**WORK TO BE COMPLETED**:
Locate the line that contains "Waterproof Printed Barcode" in the data that follows. Copy it and every subsequent line to the end, exactly, excluding pictures.

**EXTRACTED INFORMATION**:
────────────────────────────────────────
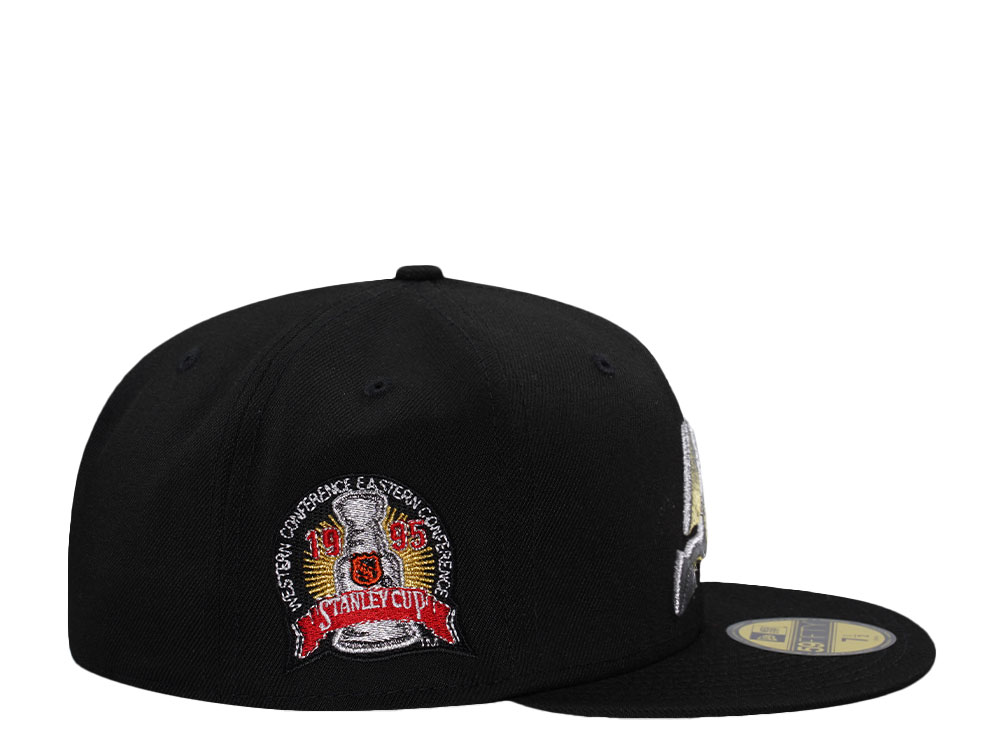 New Era New Jersey Devils Stanley Cup Champions 1995 Metallic Fade Prime Edition 59Fifty Fitted Hat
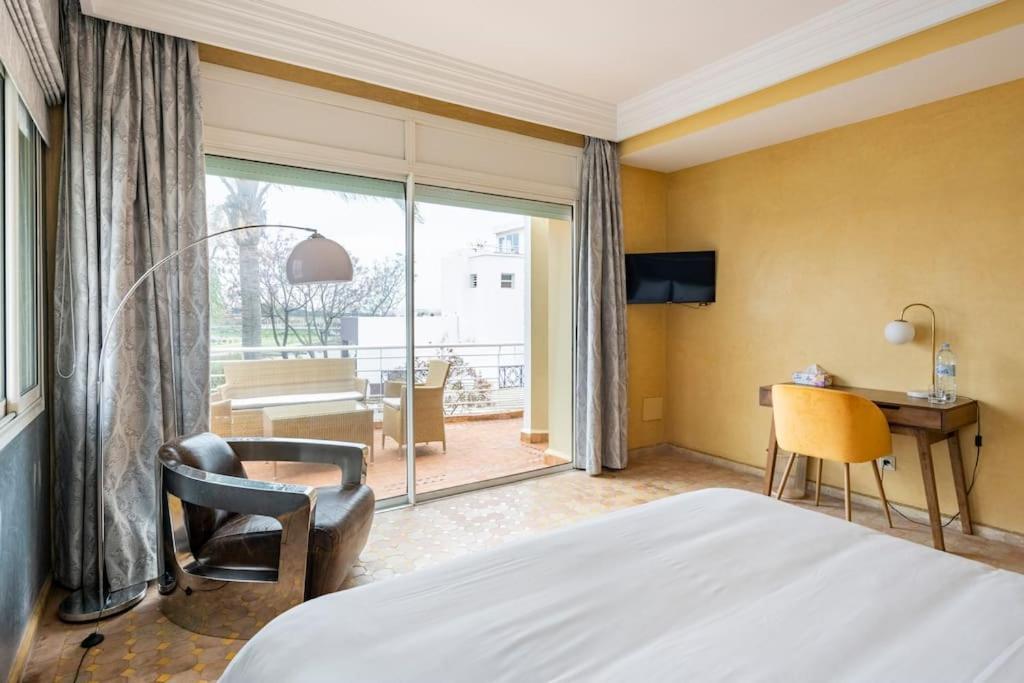 La Villa Des Corsaires, Vue Panoramique Sur Rabat Salé Luaran gambar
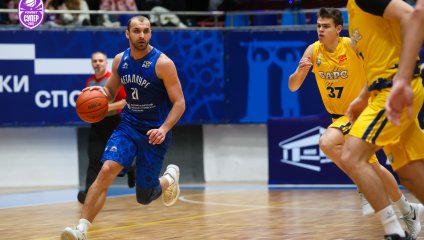 Убедительная победа «Металлурга» над «БАРС-РГЭУ»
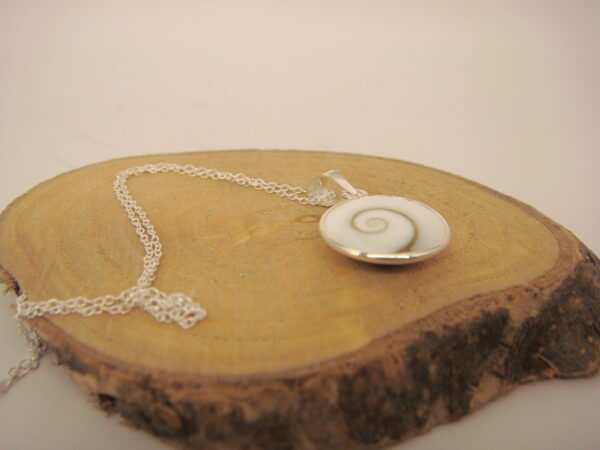 Pendentif argent Œil de Sainte Lucie – Image 4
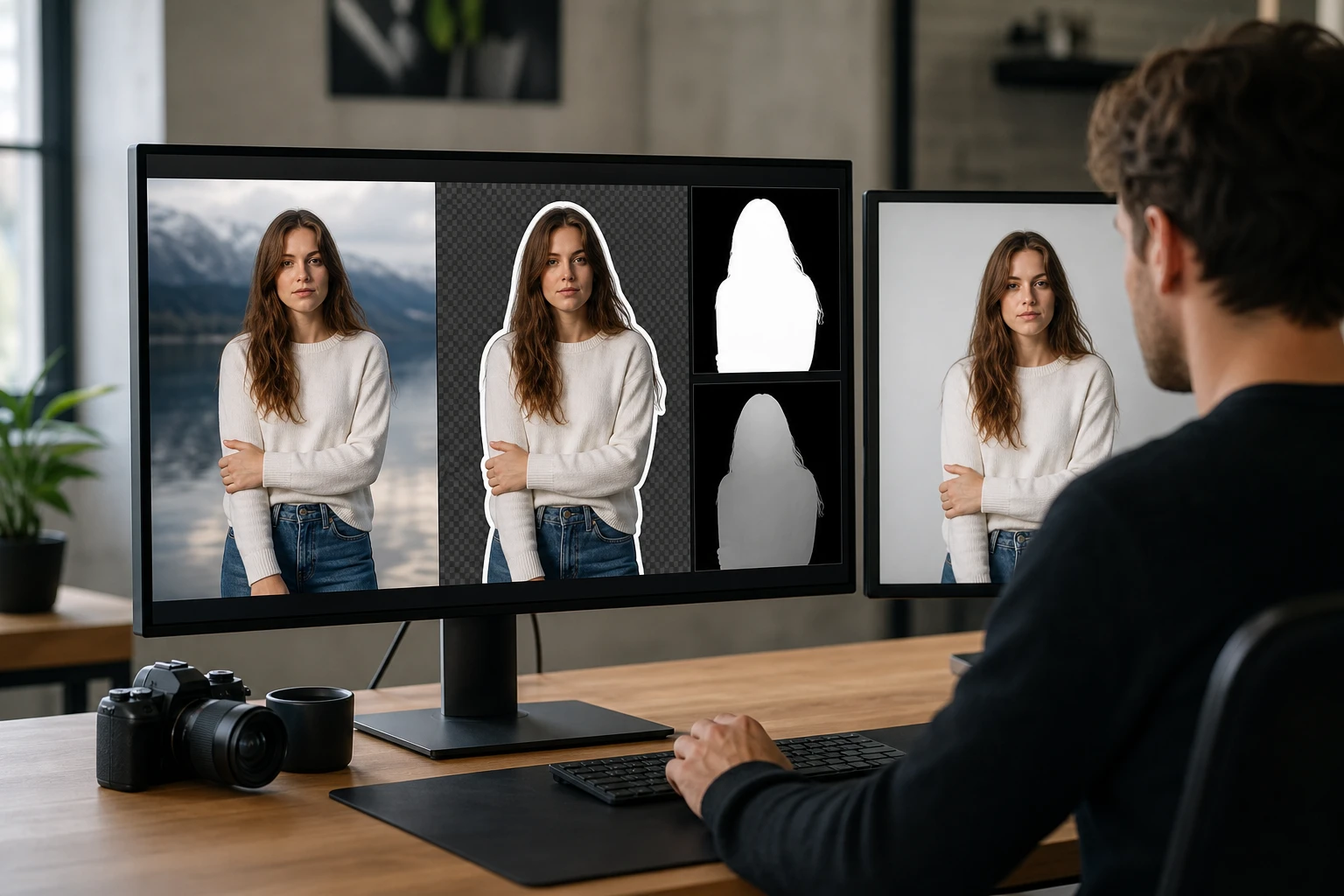 Clean subject separation helps animate photos with fewer edge artifacts.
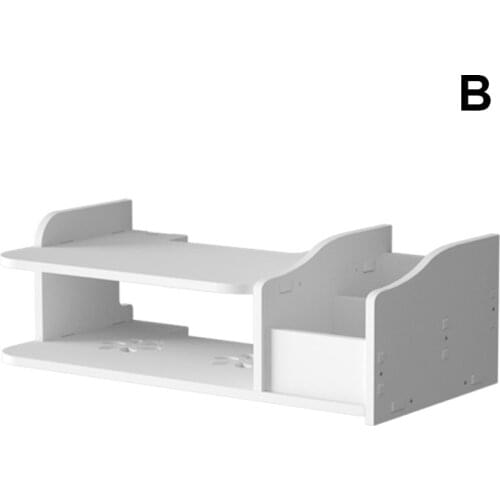 Wall Mount Storage TV Box Router Shelf Set-Top Box Bracket Holder Mini PC DVD Player Stand Rack SP99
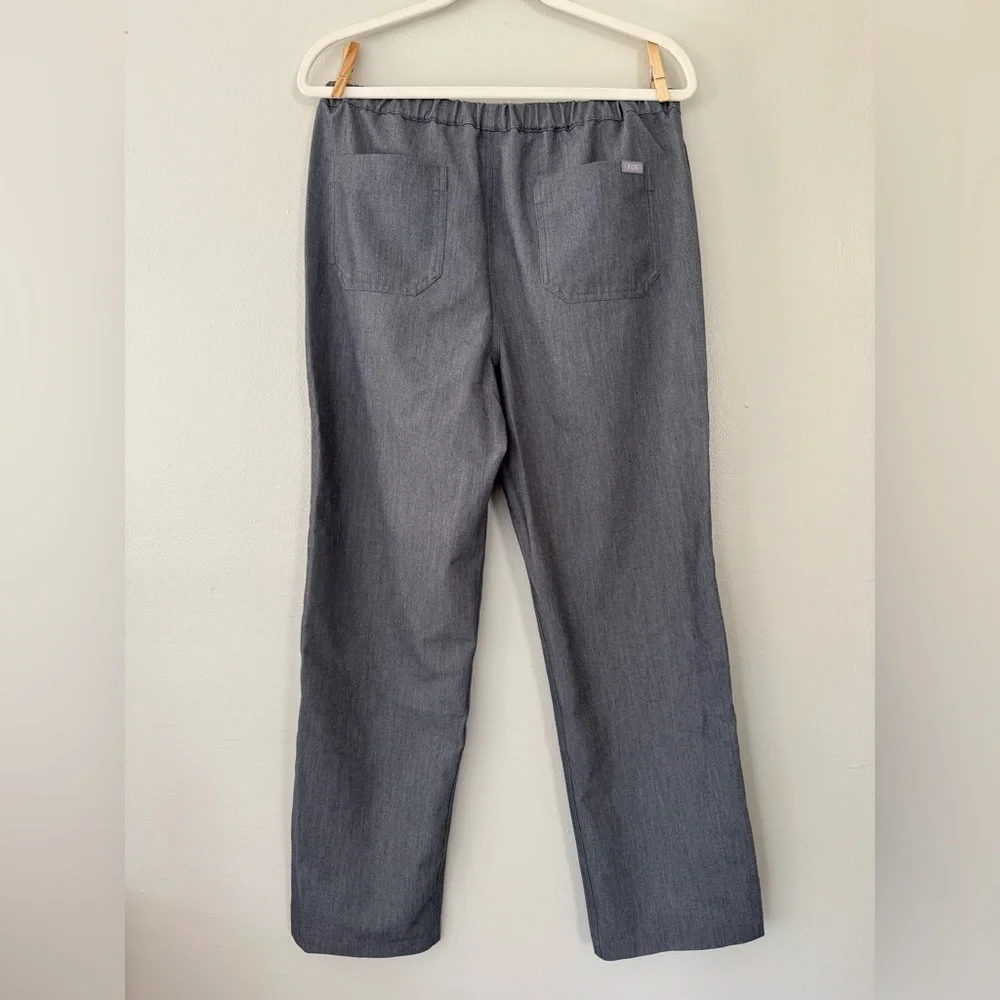 Figs Pisco Basic Scrub Pants in Graphite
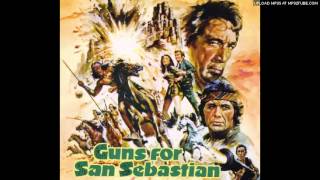 Ennio Morricone  Love Theme From Guns for San Sebastian Reprise [upl. by Eelarac]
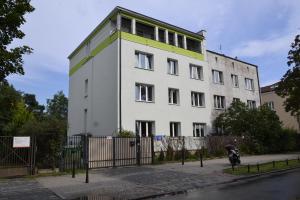 Budynek, w którym mieści się obiekt B&B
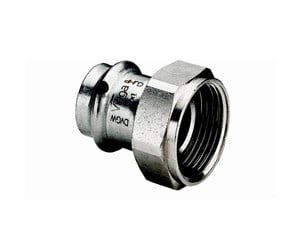 Trykkrør & Beslag - Viega Sanpress Inox connection screw 18 mm x 3/4" stainless steel - 437602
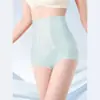 Calcinhas Modeladoras Autênticas de Cintura Alta com Efeito Levanta Bumbum e Afina a Barriga para Mulheres, Cuecas Triângulo com Efeito Afina a Cintura e Achata a Barriga Anti-Enrolamento, Leggings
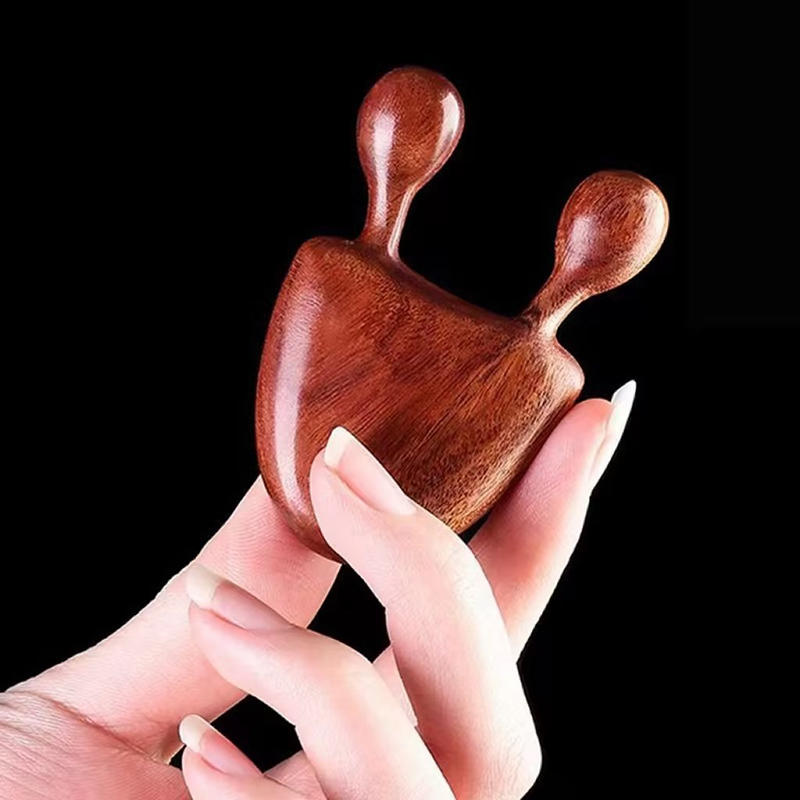Wooden Snail Shape Nose Massag - Face Massager ulasan dan harga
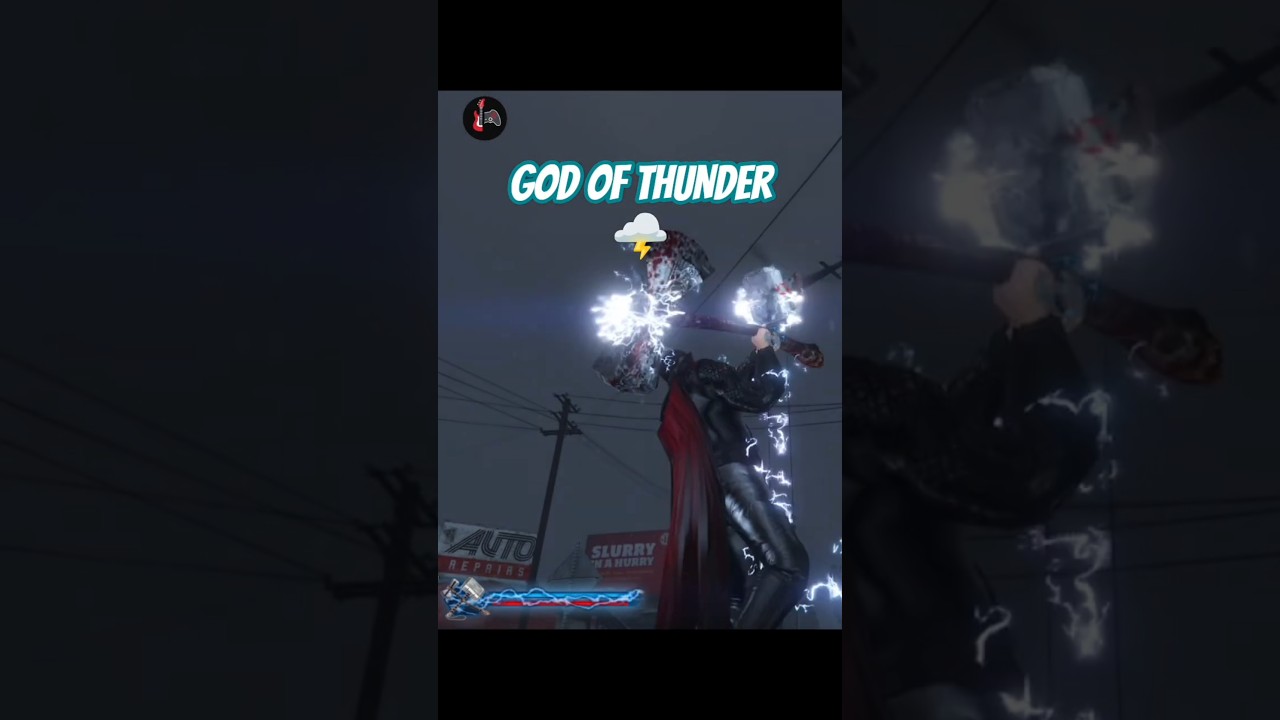 GTA V - God of Thunder! ⚡ 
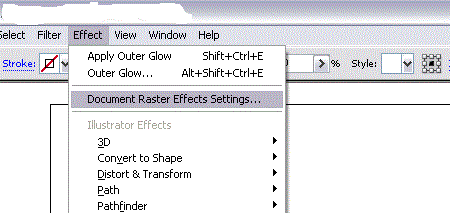 과도한 효과로 인해 Adobe Illustrator가 Mac에서 느리게 실행됨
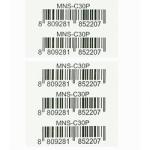 Waterproof Printed Barcode Labels Sticker Industrial Adhesive Thermal Paper Roll
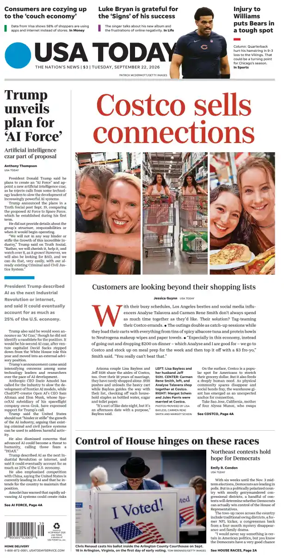 Cover of USA TODAY US Edition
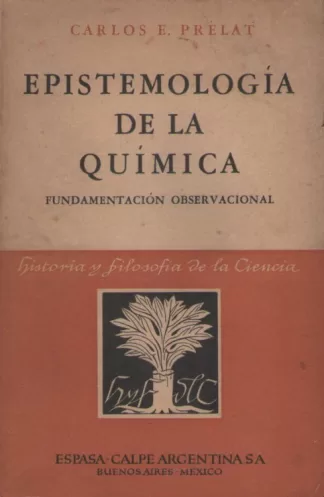 Epistemología de la química: Fundamentación observacional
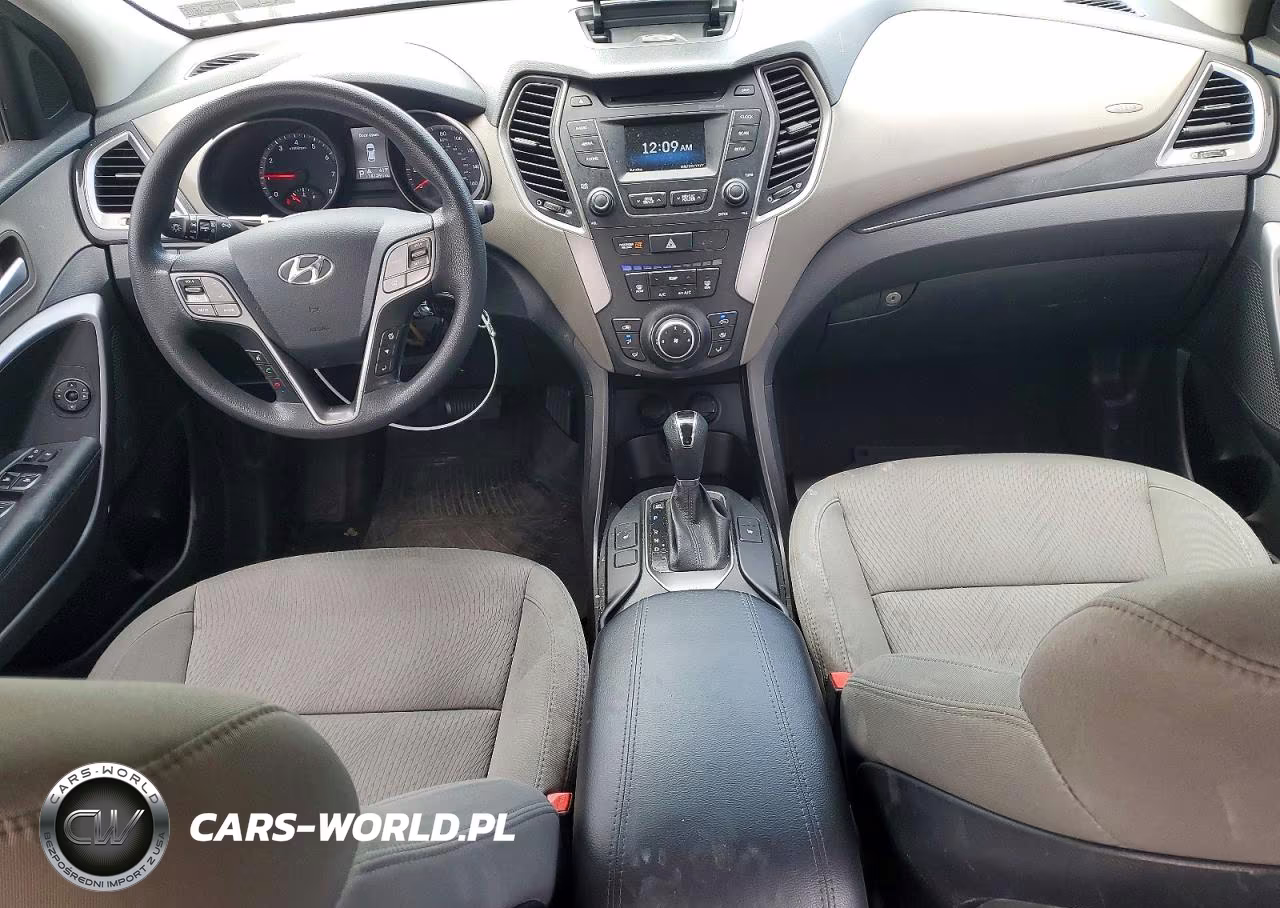 2016 Hyundai Santa Fe Sport 2.4L VIN:5XYZU3LBXGG370838 - 8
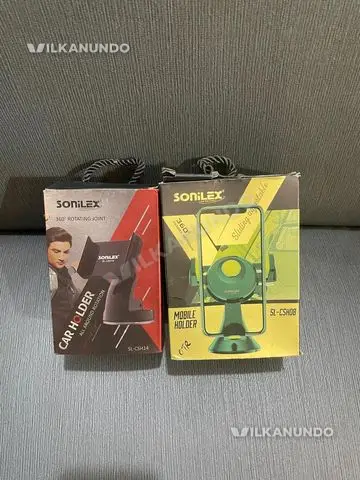 Sonilex Car Mobile Holder – 360° Rotating – Brand New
────────────────────────────────────────
**OUTPUT FOR THIS TASK**:
 Waterproof Printed Barcode Labels Sticker Industrial Adhesive Thermal Paper Roll
 Cover of USA TODAY US Edition
 Epistemología de la química: Fundamentación observacional
 2016 Hyundai Santa Fe Sport 2.4L VIN:5XYZU3LBXGG370838 - 8
 Sonilex Car Mobile Holder – 360° Rotating – Brand New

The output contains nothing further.